Iono

God knows how long its been since i wrote in my blogg.
But today i thought "what the heck, why not write some" so now i do.

Realy, i dont know what to write about or where to start.
I guess i would say i have alot to write about realy, as many things been happening latly, both good and bad i guess.

So why not start with showing off what iv done today.
I changed fabric on two chairs i have. (From blue to white)




Anyways, also mite aswell show of what i did to my hair the other day, tried a new hairstyle kinda thing.
Was doing it for someone special, but the one i did it for didnt comment it, atleast not that day. So it dont realy matter. Also did it to cheer my self up but failed bigtime.
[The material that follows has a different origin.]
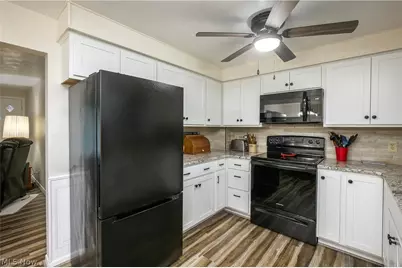 517 Zern Avenue SW, Massillon, OH 44646 - Photo 6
And well since i cant remember when i wrote last time and at the moment im to lazy to check it, i just have to show pics on my little boy Pontus!
He is now 2 month old.




So anyways. He was born 26/08-10. It was quick, faster then Vincent, and ofc it hurted like mofo!
But im happy he came out fast and healty.
We moved not long after he was born. I got an apartment in Sosdala, a 4bedroom apartment, btut only ganna stay here till about december then we moving in to another apartment im suppose to have instead of this one. This is just tempuary. Anyways, the other one is a 3bedroom apartment but just as big as this one we have now, over 100 square meter.

But there was also this one guy. We been talking for over a year, on and off kinda, he took distance long ago, busy study etc. Anyways, we started to talk more properly, and i fell for him.
Iv been so happy and he was so sweet ya know...
Long story, but i just loved talking on skype with him, al the cute texts i got etc.
He even orderd a ticket to come see me, then he drops a bomb... he told me he is not comming, fear of flying, and thats fine, but the rest, that al the sudden he is not ready for a relationship, he thought i expected to much etc.
What the hell? Iv done nothing, i only showed him my love and al, was so exited and ofc it sounded promising, when he said "if we work out and al is good after our first meeting i will come more next year".
Yea well now, for days, iv been so damn down its unbelivible. Its so empty. So quiet kinda feeling.
No texts, no talk barly, no love. No nothing.
And damn i miss it!
I would wanna tell him to go for it, to come here anyways, to face the fear, couse he can overcome it with love, but i guess he does not feel as much as i do.
But he is sure missing a chanse of a liftime.
But i dont think he care.
I think, there mite be other things he have not yet told me about. Couse i belive its kinda wierd that he al the sudden "oops i found out im not ready yet"..... iono, for me its wierd. I didnt expect to find someone or to fall for someone, but when i did, i didnt mind, and like i said, i was so happy.
And no my happyness does not depend on him only. But when someone does such thing yes al the happyness dissapears for a while.
I guess i just have to get used to the fact he dont love me no more, the silence i feel, the lonlyness i feel and just go back to normal right?
Anyways, i know this much, i dont think he care realy.
Couse if he felt so much for me and say he dont wanna loose me, then why does he do things that pushes me away and soon im gone? Why not try harder then if he realy liked me?
Iono, i can only say what i would have done, and he knows i try alot harder then he have done. But it dont change anything.

So fuck it, im ganna stop writing now as i feel this didnt help either.
Its such bullshit realy, how it al can just slip out of my hands, just like that. Always when im at the happiest... always then.